EXERCISE DESCRIPTION
Write out all of the entries below word for word.
[MATERIAL TO PROCESS Boundary: Start]
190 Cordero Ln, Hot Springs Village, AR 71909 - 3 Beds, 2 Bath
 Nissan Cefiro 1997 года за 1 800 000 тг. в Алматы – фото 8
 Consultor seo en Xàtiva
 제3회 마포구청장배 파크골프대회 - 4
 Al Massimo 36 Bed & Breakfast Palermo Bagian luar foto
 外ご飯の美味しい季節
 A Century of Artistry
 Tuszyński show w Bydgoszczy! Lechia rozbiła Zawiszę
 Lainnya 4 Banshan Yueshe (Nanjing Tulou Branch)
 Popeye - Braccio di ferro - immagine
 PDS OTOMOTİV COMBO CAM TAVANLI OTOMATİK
[MATERIAL TO PROCESS Boundary: End]
EXERCISE RESPONSE
190 Cordero Ln, Hot Springs Village, AR 71909 - 3 Beds, 2 Bath
 Nissan Cefiro 1997 года за 1 800 000 тг. в Алматы – фото 8
 Consultor seo en Xàtiva
 제3회 마포구청장배 파크골프대회 - 4
 Al Massimo 36 Bed & Breakfast Palermo Bagian luar foto
 外ご飯の美味しい季節
 A Century of Artistry
 Tuszyński show w Bydgoszczy! Lechia rozbiła Zawiszę
 Lainnya 4 Banshan Yueshe (Nanjing Tulou Branch)
 Popeye - Braccio di ferro - immagine
 PDS OTOMOTİV COMBO CAM TAVANLI OTOMATİK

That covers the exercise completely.